Have you ever wondered why organ and blood donation services are always after more ethnic minority donors? It’s to improve the chances of success for ethnic minority recipients – while it’s far from impossible for an organ donor and recipient to have different ethnicities, people with rarer immune markers are just more likely to match better with someone from their own background.


The majority of transplanted organs, though, come from white donors – meaning that patients from other ethnic groups are often left waiting for their life-saving treatments, sometimes for double or triple the times experienced by their white peers.

“One of the biggest restrictions to who a donated kidney can be transplanted to is the fact that you have to be blood group compatible,” explained Mike Nicholson, the professor of transplant surgery who led the project, in a statement.

“The reason for this is that you have antigens and markers on your cells that can be either A or B. Your body naturally produces antibodies against the ones you don't have.”

It’s the same reason you can’t just swap blood with Jeff from down the street – and, more seriously, why some people require anti-D injections during pregnancy to stop their body from aborting the fetus: if cells with the wrong blood markers enter our systems, they will be attacked by our bodies’ natural defense mechanisms, and the “intruder” will be rejected.


There’s one exception: type O negative blood, also known as the “universal donor.” This type has neither A nor B markers, and no RhD antigen either. It’s perfect for transplants and transfusions because there’s nothing in it that can provoke an antibody response.

Unfortunately, type O negative is also fairly rare: only about one in every 15 Americans fall into this category. That’s 11 times as many as those with type AB negative blood – the rarest of all – but for comparison, more than one in three people in the US are thought to be O positive.

That’s only the broad picture. “Blood group classification is also determined via ethnicity,” pointed out Nicholson, “and ethnic minority groups are more likely to have the rarer B type.”

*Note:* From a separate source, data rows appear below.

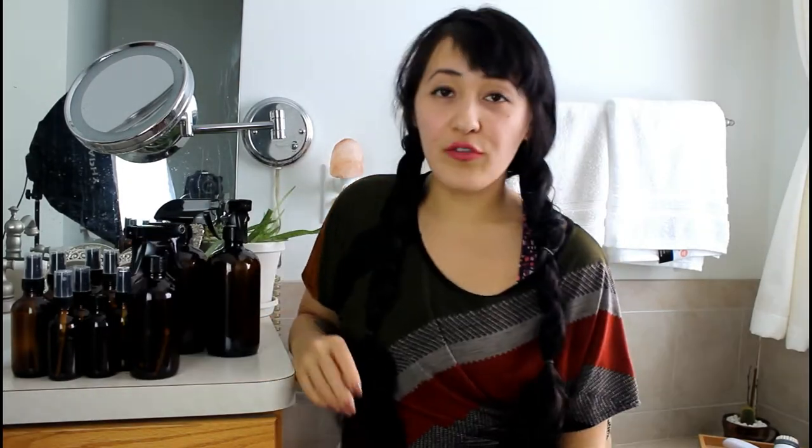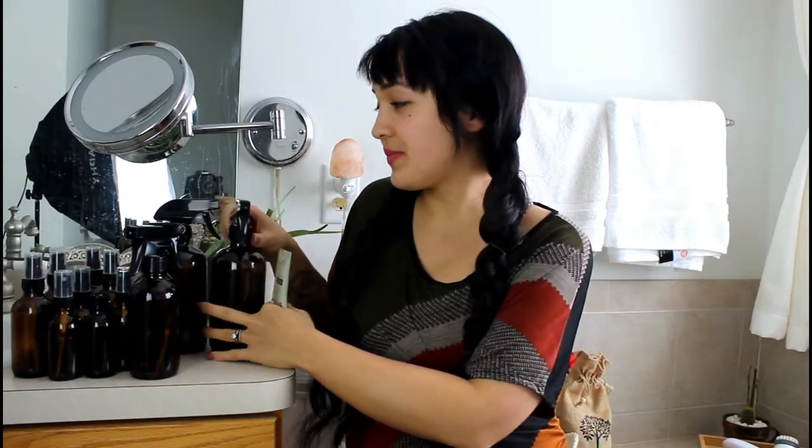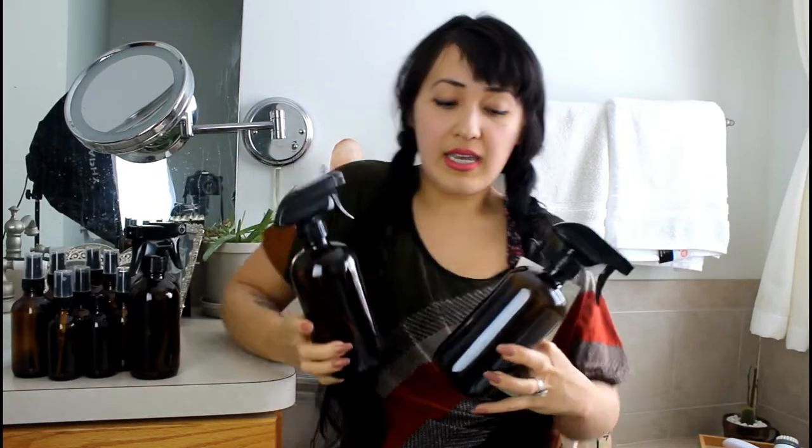So I have an eight ounce bottle here. All you're going to want to do is take one teaspoon of your Thieves cleaner and dilute it in your eight ounce glass bottle — the rest is water. That's it. One teaspoon, fill the rest with water, and you've got yourself a cleaner.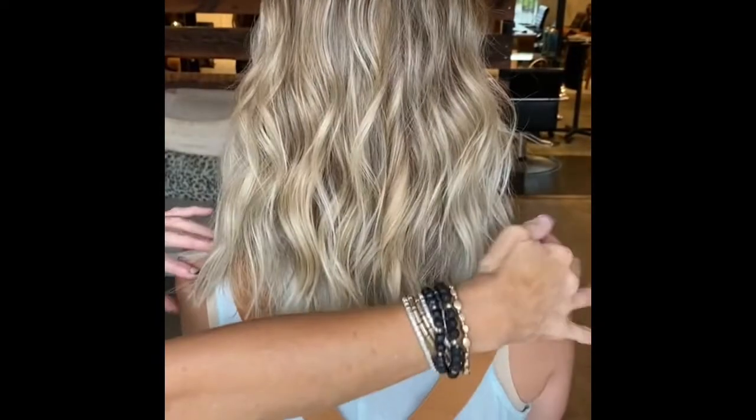For anyone considering bangs, take a look at this — this is a bang without being a bang. And look how fantastic the party in the front looks when you have a pony.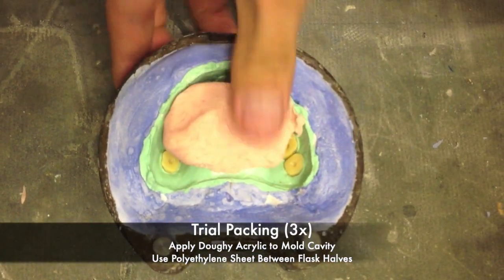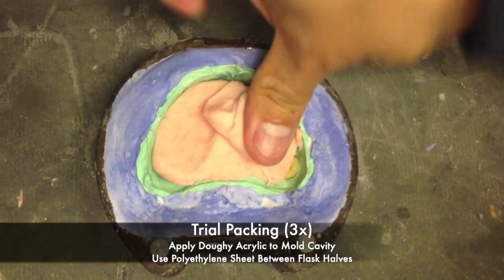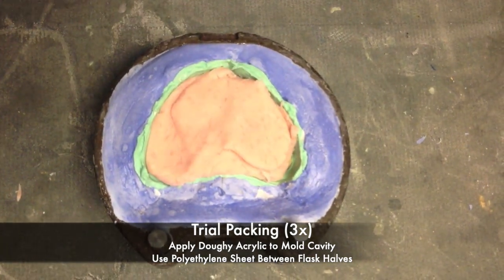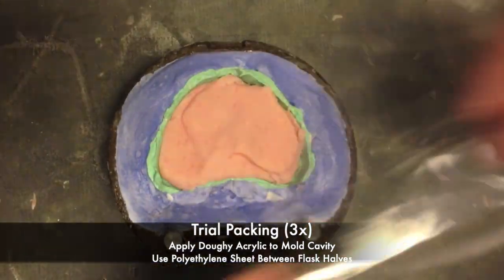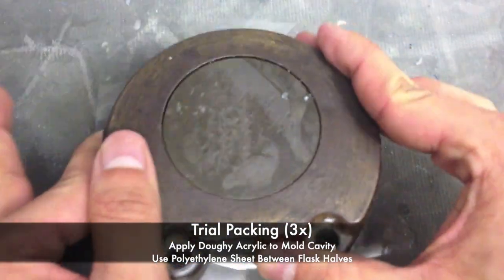Remember that according to the Air Force, you should perform three trial packs. You're going to apply the doughy acrylic into the mold cavity and use the polyethylene sheet between the flask halves. This will allow you to reopen the flasks after each trial pack.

In lieu of recruiting more donors from ethnic minority backgrounds – which can be difficult due to cultural or religious taboos – the dream would be to find a way to “convert” organs from one blood type to another. And that’s exactly what the researchers did.


Using a normothermic perfusion machine – a device that passes oxygenated blood through human kidneys to help preserve them for future use – the team flushed blood infused with a particular enzyme through a deceased kidney.

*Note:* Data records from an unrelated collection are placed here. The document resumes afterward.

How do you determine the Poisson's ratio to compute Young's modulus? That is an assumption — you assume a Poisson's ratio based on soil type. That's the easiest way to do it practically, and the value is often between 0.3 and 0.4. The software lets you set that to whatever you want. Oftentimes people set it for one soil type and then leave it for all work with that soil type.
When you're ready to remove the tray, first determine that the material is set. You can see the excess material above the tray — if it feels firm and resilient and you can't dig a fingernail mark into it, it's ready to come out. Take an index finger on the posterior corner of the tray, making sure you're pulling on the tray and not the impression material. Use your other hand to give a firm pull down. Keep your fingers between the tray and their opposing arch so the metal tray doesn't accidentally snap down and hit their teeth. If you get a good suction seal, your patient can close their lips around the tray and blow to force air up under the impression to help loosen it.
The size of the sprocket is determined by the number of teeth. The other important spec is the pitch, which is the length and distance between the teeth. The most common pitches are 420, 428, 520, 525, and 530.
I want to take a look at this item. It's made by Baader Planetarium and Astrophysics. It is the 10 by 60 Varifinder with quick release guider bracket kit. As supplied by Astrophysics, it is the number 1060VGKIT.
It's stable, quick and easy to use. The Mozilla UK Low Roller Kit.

This enzyme acted like “molecular scissors,” the researchers explained, snipping away the markers within the blood vessels of the kidney that defined the organ’s blood type. The result: no more antigens – or in other words, a brand-new type O kidney.

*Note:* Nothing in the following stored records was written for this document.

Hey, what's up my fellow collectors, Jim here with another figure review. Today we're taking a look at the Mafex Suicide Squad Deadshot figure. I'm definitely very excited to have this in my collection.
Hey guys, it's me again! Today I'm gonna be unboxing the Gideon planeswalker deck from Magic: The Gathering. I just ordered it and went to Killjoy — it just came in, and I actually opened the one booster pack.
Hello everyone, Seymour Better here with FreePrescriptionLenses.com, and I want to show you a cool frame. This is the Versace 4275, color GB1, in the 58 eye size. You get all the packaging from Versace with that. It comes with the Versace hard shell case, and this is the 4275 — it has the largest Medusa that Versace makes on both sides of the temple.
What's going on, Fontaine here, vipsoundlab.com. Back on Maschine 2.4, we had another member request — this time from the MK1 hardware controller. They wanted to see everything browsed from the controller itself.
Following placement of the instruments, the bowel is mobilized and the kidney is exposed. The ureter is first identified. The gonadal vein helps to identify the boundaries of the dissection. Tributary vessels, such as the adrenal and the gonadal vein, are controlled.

“Our confidence was really boosted after we applied the enzyme to a piece of human kidney tissue and saw very quickly that the antigens were removed,” said PhD student Serena MacMillan, who worked on the project with Nicholson.

“After this, we knew that the process is feasible, and we just had to scale up the project to apply the enzyme to full-size human kidneys," MacMillan explained. "We saw in a matter of just a few hours that we had converted a B type kidney into an O type.”


With the project a success, the next step is to see whether the technique can be used in a clinical setting. If it can, it would be “potentially game-changing,” according to Dr Aisling McMahon, executive director of research at Kidney Research UK.

“It is incredibly impressive to see the progress that the team has made in such a short space of time, and we are excited to see the next steps,” she said. “We know that people from minority ethnic groups can wait much longer for a transplant as they are less likely to be a blood-type match with the organs available. This research offers a glimmer of hope to over 1,000 people from minority ethnic groups who are waiting for a kidney.”